A new biography of Israel’s most swashbuckling soldier-statesman happily succumbs to his charm

August 23, 2012 12:26
Moshe Dayan with his troops

By

Ahron Bregman,

Ahron Bregman

2 min read

I first heard Moshe Dayan’s name when I was nine. It was June 1 1967. Israel was surrounded by Arab armies poised to attack. And it was my birthday. My dad gave me a big hug and said: “Son, the state of Israel has given you a birthday present — they’ve just nominated Moshe Dayan to the post of Defence Minister!”

I, of course, wanted a toy but when my dad showed me the Davar newspaper with a picture of a man with a black eye-patch who looked like a pirate, I was happy. I knew pirates always win wars.

I came across him again when I was a little older and, like many of my friends, read Cholot Lohatim (“Burning Sands”).
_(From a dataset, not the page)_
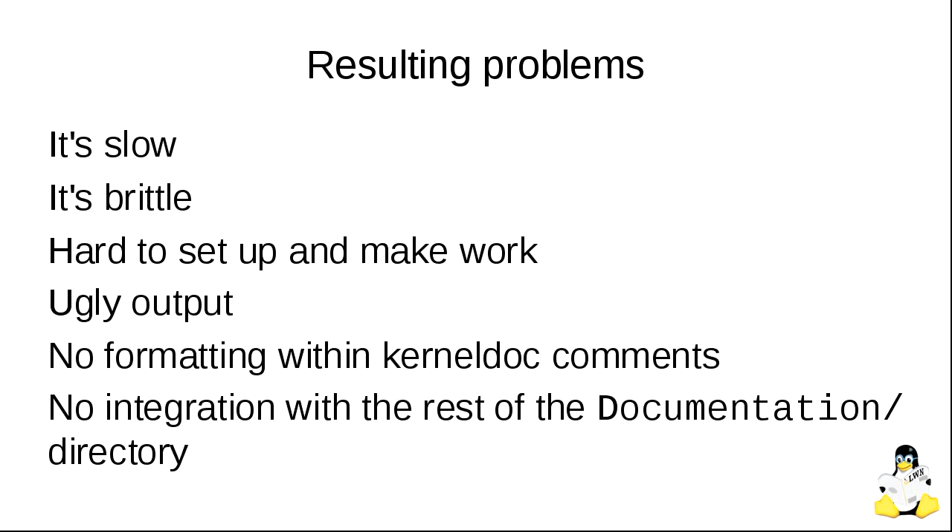The build system is quite brittle — changes to source code can break the docs build, and there are kernel developers who are not diligent about checking the docs build after making source code changes. At a kernel summit, I asked how many had actually succeeded in setting up and building the documentation, and less than half the room raised their hands. A whole lot of people told me they had just given up on it. The kernel-doc comments also lack any kind of formatting — you can't make a table or add references within them. It's all just free-form text, and there's no integration anywhere.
Its author, an attractive female journalist called Hadasa Mor, was one of Dayan’s mistresses, and she described her affair with him in this thinly disguised autobiographical novel.

Years later, a journalist friend of mine told me how he once approached the reclusive Dayan, saying: “it must be you, Mr Dayan — the hero in Mor’s book”. Dayan replied: “Young man, it’s ok to have as many affairs as you want, but never with a lady who knows how to write”. His attitude was always: “the citizens of Israel have voted for me as their minister, not as the husband of the year”.